Jackson suffered a groin injury against the Minnesota Vikings in Week 7 and missed the Bills' game in Week 8 against the Jets before their bye in Week 9. Jackson showed promise this week by participating in practice, though limitedly, in all three days for the Bills.
Those injuries mean that other Bills will need to step up in their absence.
The Chiefs are playing some of the best defensive football in the NFL and that could make matters worse for veteran quarterback Kyle Orton (No. 18), who replaced E.J. Manuel (No. 3) as the team's starter against the Detroit Lions in Week 5. Orton, who actually played with the Chiefs during the 2011 season, is having one of the better years of his nine-year NFL career.
In four games started, he has completed 95 of 141 passes for 1,128 yards, nine touchdowns and just three interceptions. Orton will have to play one of his better games to defeat the Chiefs defense.
Through the air, the Chiefs allow only 199 yards per game, the best mark in the league, and against the ground attack, the Chiefs are the only team in the NFL that has yet to allow a rushing touchdown.
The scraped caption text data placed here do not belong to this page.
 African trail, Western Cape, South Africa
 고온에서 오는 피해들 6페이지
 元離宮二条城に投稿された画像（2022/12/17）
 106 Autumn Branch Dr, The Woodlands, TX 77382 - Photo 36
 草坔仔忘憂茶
Part of the reason for that success has been Chiefs defensive coordinator Bob Sutton's ability and willingness to get all of his players involved.
"In Bob's defense, everybody's going to play," Chiefs head coach Andy Reid said this week. "That's just how it rolls. You saw all the different personnel groups he's got going in and how he handles that. Everybody plays."
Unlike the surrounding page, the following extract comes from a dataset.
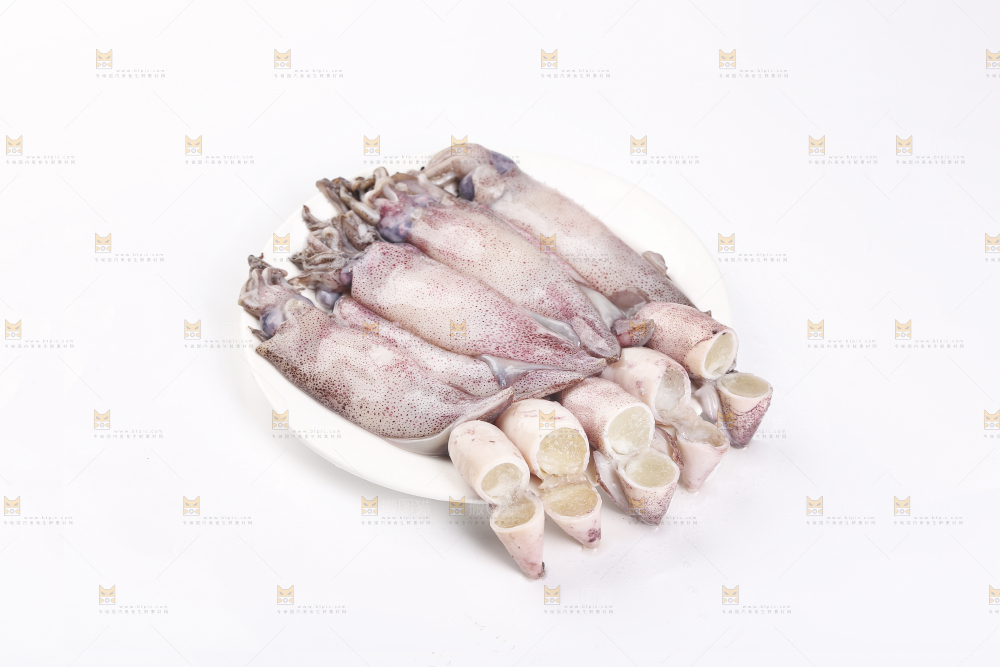白底上的海兔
The Chiefs welcomed back one of the defense's staples in safety Eric Berry last week. Berry, who hadn't played in a game since Week 2 against the Broncos, looked to not miss a beat, playing in 51 of the team's 69 snaps, or 74 percent of the plays.
Under the secondary, the Chiefs' most important player on defense is undoubtedly Justin Houston, who with 12 sacks is three ahead of the rest of the league and on record pace.
As Houston showcases his obvious knack for rushing the passer, some of his best abilities are left off the stat sheet.
"One of the things I always say about Justin [that] kind of goes unnoticed—he does a lot of things for us in coverage," Sutton said. "He plays a lot of places on our defense. I think he's got a sack from three different places. I think he's playing really, really well, and I'm really happy for him because he's worked really hard to get to that position."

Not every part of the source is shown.